In the entries that follow, the lines from the line containing "Halloween Pumpkin Head T-Shirt" up to and including the line containing "لابتوب WinFun التعليمي" must be copied exactly, with pictures omitted.

_Data listing_.
'''
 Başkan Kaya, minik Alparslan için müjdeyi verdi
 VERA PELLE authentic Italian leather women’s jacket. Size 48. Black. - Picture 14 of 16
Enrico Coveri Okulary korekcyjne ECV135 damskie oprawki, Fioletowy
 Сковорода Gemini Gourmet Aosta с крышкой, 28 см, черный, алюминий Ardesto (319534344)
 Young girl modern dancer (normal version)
'''
'''
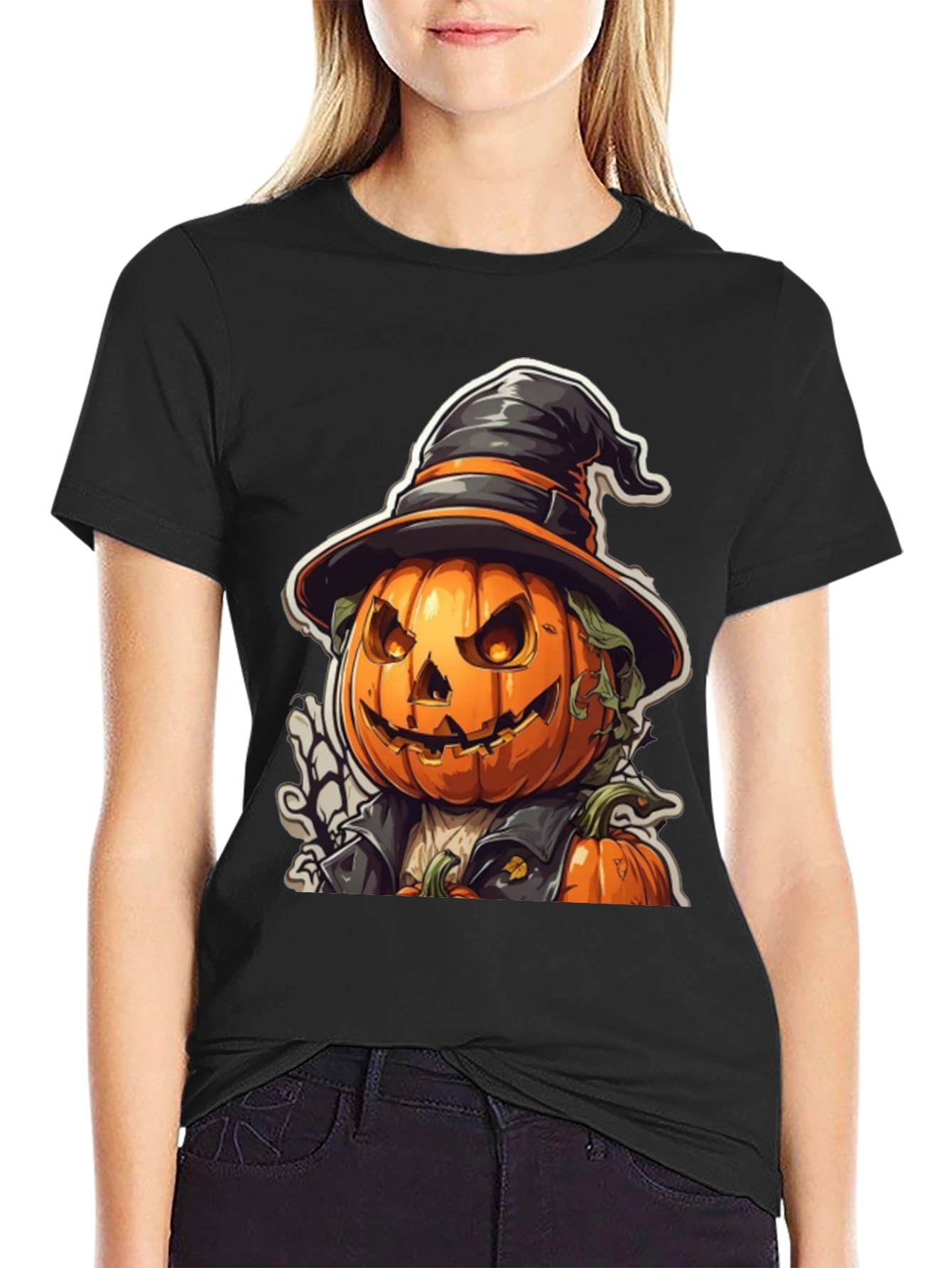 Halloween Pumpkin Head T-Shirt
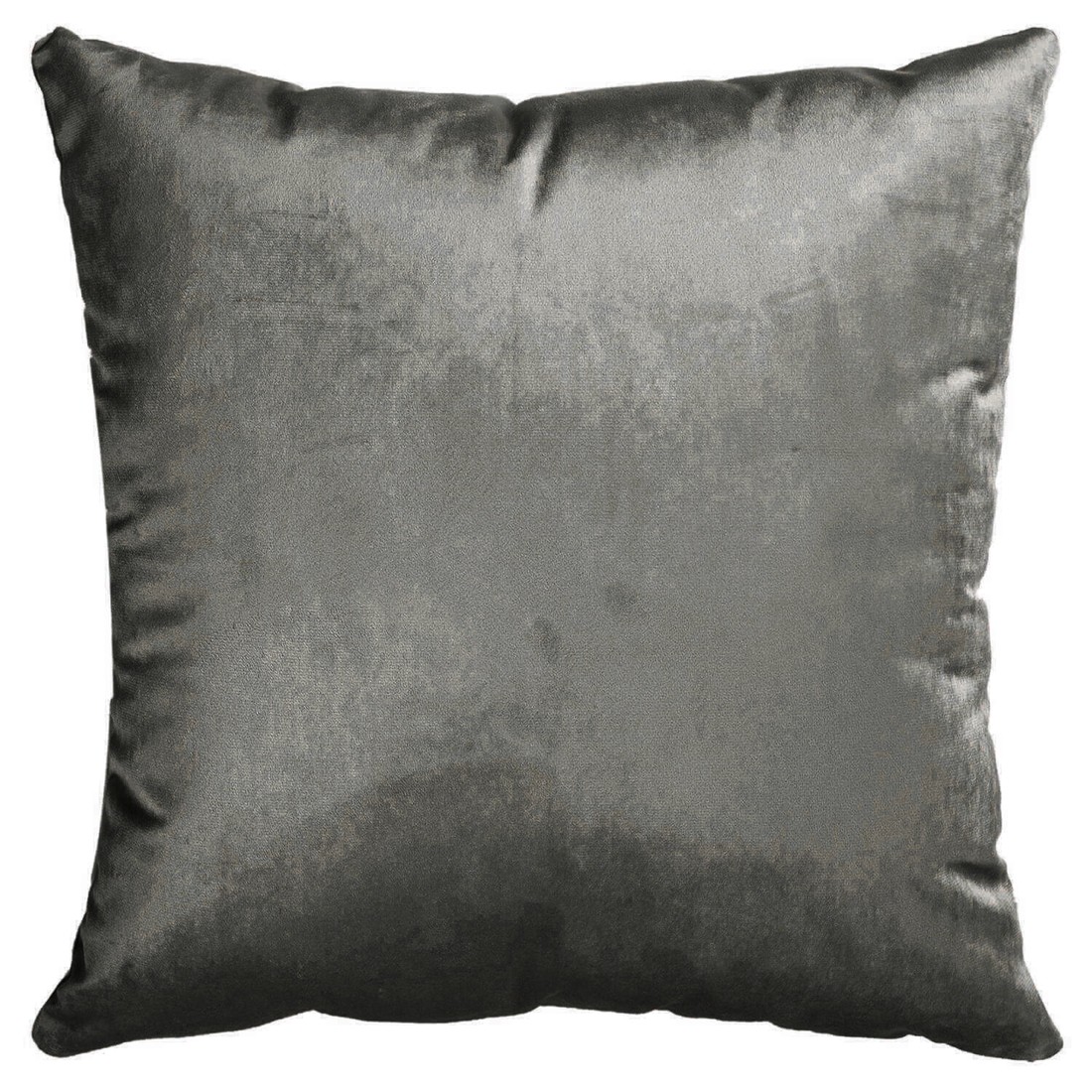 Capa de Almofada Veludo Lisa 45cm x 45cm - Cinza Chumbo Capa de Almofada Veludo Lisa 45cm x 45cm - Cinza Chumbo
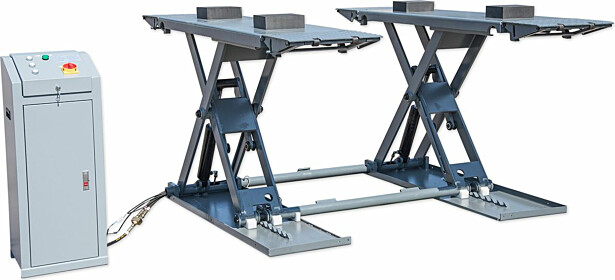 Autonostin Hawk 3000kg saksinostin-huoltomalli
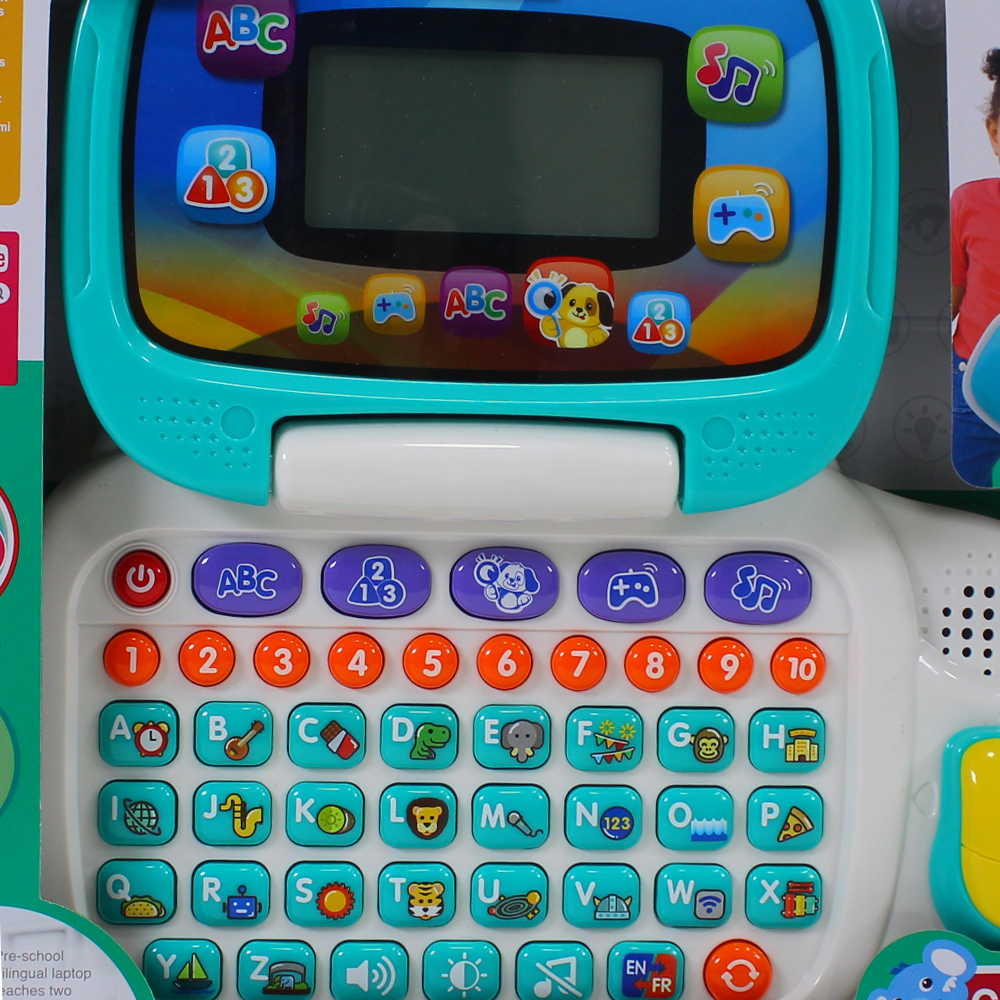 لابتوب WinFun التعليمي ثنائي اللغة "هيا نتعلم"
'''
_Task response_.
 Halloween Pumpkin Head T-Shirt
 Capa de Almofada Veludo Lisa 45cm x 45cm - Cinza Chumbo Capa de Almofada Veludo Lisa 45cm x 45cm - Cinza Chumbo
 Autonostin Hawk 3000kg saksinostin-huoltomalli
 لابتوب WinFun التعليمي ثنائي اللغة "هيا نتعلم"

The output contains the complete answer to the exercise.